И тут же, забыв обо мне, отплывает по направлению своего взгляда к новому и явно более желанному для него объекту. Вывернутые ноздри интеллектуала при этом плотоядно раздуваются в предвкушении добычи, и мне явственно слышится, как под смокингом у него уверенно поскрипывает его носорожья шкура.
Этот в другом роде. Рубаха-парень. Свой в доску. Последнее отдаст, благо отдавать нечего, все вложено в ценные бумаги, переписанные для пущей надежности на жену. Весь в аккуратно обтрепанных джинсах, хотя по возрасту и брюшку ему бы впору носить теплый халат и шлепанцы. Продуманно патлат и нечесан, в постоянной степени небритости, будто борода временно остановилась в росте: флер возвышенности души, наводимый по утрам у искусного парикмахера. Работает в сверхпередовом, супермодном журнале с разрушительными идеями и уклоном в гомосексуализм. Стремительно носится по Парижу, зорко не замечая никого и ничего вокруг.
- Здравствуйте, - останавливаю, - перевели мне вчера статью из вашего журнала об одном уважаемом профессоре, который, по-вашему, будто бы сотрудничал с оккупантами, а знающие французы утверждают, что он был активным участником Сопротивления. Сделайте милость, просветите.

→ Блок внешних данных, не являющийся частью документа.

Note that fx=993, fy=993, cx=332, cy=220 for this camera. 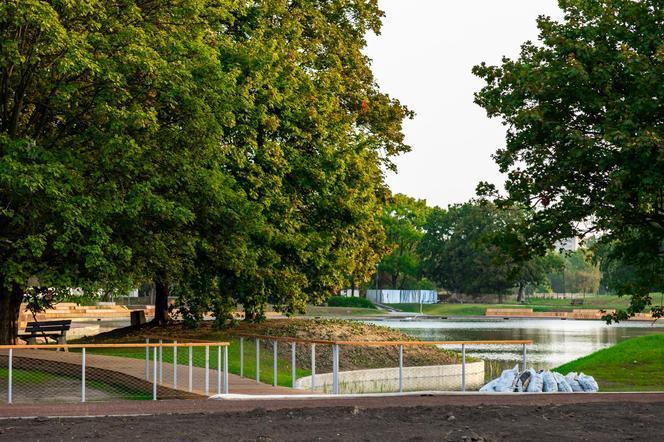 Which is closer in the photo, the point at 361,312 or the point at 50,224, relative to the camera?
the point at 50,224

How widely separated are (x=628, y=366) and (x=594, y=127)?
26.7 ft

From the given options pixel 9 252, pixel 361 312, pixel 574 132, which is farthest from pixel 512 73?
pixel 361 312

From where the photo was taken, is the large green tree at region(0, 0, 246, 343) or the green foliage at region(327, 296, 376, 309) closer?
the large green tree at region(0, 0, 246, 343)

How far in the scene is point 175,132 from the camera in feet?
83.7

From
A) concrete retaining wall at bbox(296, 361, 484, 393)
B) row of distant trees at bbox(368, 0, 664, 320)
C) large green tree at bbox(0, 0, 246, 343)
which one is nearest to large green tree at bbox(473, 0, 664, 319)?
row of distant trees at bbox(368, 0, 664, 320)

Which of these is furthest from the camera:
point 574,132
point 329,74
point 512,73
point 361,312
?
point 361,312

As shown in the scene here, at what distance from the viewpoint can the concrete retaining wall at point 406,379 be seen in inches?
1139

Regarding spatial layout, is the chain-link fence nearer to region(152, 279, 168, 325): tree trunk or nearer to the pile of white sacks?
the pile of white sacks

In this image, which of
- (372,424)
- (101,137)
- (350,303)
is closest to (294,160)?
(101,137)

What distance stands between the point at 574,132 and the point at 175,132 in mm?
10646

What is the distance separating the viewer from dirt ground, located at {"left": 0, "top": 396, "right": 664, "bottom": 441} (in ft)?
47.2

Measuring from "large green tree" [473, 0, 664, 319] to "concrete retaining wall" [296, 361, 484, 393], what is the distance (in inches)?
209

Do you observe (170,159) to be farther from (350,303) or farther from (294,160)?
(350,303)

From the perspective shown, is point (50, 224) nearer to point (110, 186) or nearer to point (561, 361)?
point (110, 186) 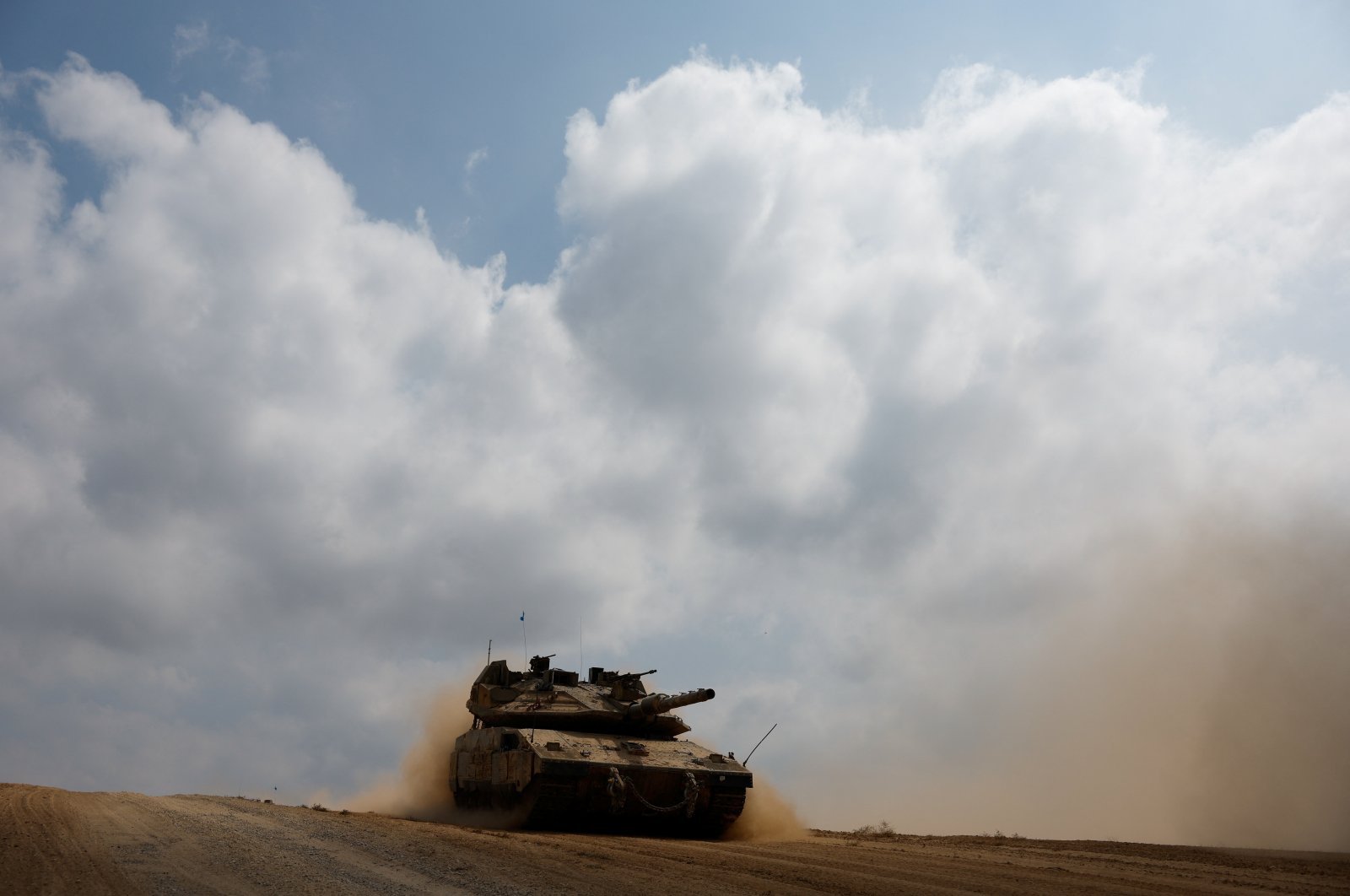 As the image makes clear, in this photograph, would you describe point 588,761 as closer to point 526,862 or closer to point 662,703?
point 662,703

Он снисходительно, словно дедушка-добряк несмышленыша-внучонка, похлопывает меня по плечу:
- Не волнуйтесь, это такая правая сволочь, что о нем все можно. Адью.
И с невидящей стремительностью улетучивается дальше, лихо шлепая по асфальту каучуковыми копытами от „Бали".
С этим мы только что познакомились. Тих, вкрадчив, с постоянной полуулыбкой на бесформенном или, как у нас в России говорят, бабьем лице. Глаза грустные, немигающие, выражаясь опять-таки по-русски, телячьи. Знаменит. Увенчан. Усеян. И так далее, и так далее. Широко известен также разборчивой отзывчивостью и слабостью к социальному терроризму.
Битый час слезно молю его вступиться на предстоящем заседании ПЕНа в Белграде за погибавшего в то время во Владимирской тюрьме Володю Буковского.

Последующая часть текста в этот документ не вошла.